Жанровая сцена, 1945 г. | страница 8
— Прежде всего, я сыграю «Стяг наш звездно-полосатый»[3].
Чувствуя, что это было выше моих сил — к этому времени мне уже сделалось и физически дурно — я поднялся и поспешно вышел из комнаты. Я уже подходил к шкапу, куда горничная как будто положила мои вещи, когда меня настигла мадам Галль, а вместе с ней прибой отдаленной музыки.
— Вам непременно нужно идти? — сказала она. — Бы никак не можете остаться?
Я нашел свое пальто, уронил вешалку и с притопом всунул ноги в галоши.
— Вы либо убийцы, либо идиоты, — сказал я, — а может быть, и то и другое, а этот человек — гнусный немецкий агент.

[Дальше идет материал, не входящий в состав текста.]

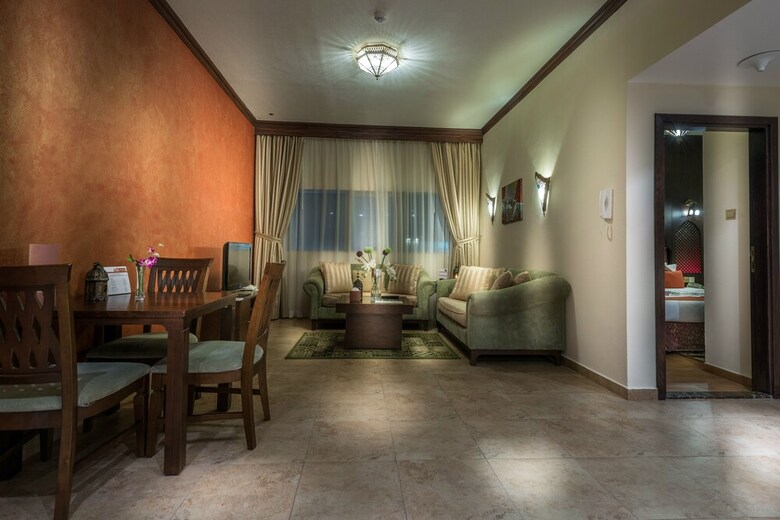 Aparthotel First Central Hotel Suites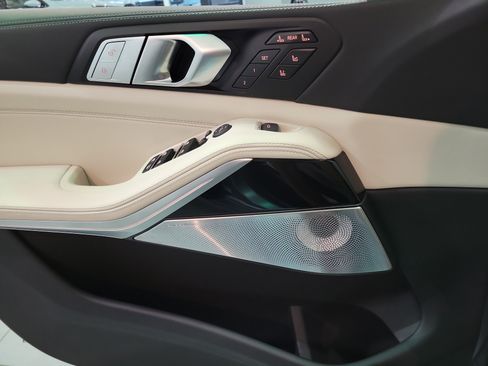 New 2027 BMW X7 M60i AWD/4WD image 21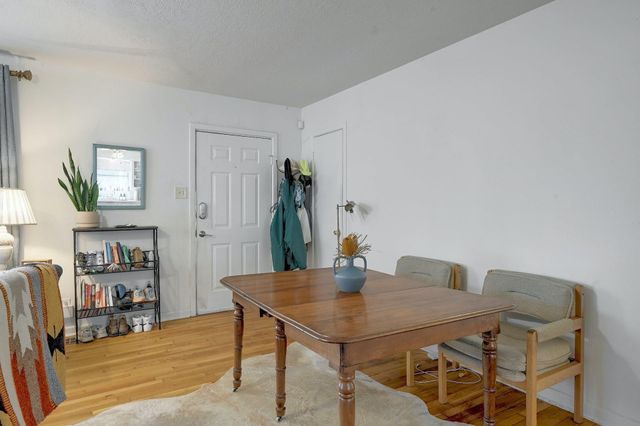 2709 S 2nd ST, Austin, TX 78704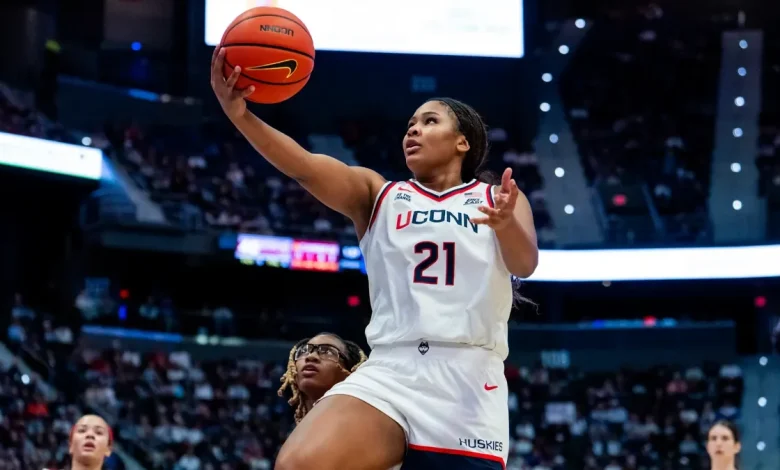 Meet UConn sensation Sarah Strong, daughter of a former WNBA All-Star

Как я уже докладывал, в критические минуты я подвержен ужасному заиканию, и поэтому моя тирада получилась не такой гладкой, как на бумаге. Но она произвела впечатление. Прежде чем она нашлась, что мне ответить, я, с треском захлопнув за собой дверь, уже нес свое пальто вниз по лестнице, как тащат ребенка из загоревшегося дома. Только на улице я заметил, что шляпа, которую я собирался надеть, была не моей.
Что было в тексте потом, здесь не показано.